Methods: We used hair specimens from pregnant women who were dual users (ENDS and cigarettes), smokers, and non-smokers from a prospective cohort study to estimate exposure to nicotine, cotinine, and TSNAs. The exposure biomarkers and self-reports of smoking and ENDS use were used in log-binomial regression models to estimate risk ratios (RRs) for SGA among offspring.

Results: Nicotine concentrations for pregnant dual users were not significantly different from those for smokers (11.0 and 10.6 ng/mg hair, respectively; p=0.58). Similarly, levels of cotinine, and TSNAs for pregnant dual users were not lower than those for smokers. The RR for SGA was similar for dual users and smokers relative to nonsmokers, (RR=3.5, 95% CI: 0.8-14.8) and (RR=3.3, 95% CI: 0.9-11.6), respectively. Using self-reports confirmed by hair nicotine, the RR values for dual ENDS users and smokers were 8.3 (95% CI: 1.0-69.1) and 7.3 (95% CI:1.0-59.0), respectively.

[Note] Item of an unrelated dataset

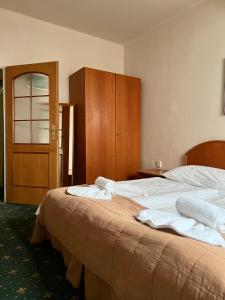 Fotografie z fotogalerie ubytování Hotel GEO v Praze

Conclusions: We did not observe lower levels of nicotine, cotinine, and TSNAs for current dual users compared to smokers during pregnancy. The risk of SGA for offspring of pregnant dual users was similar to that for offspring of pregnant smokers. Future studies are needed to further estimate the magnitude of the association between ENDS use and smallness for gestational age.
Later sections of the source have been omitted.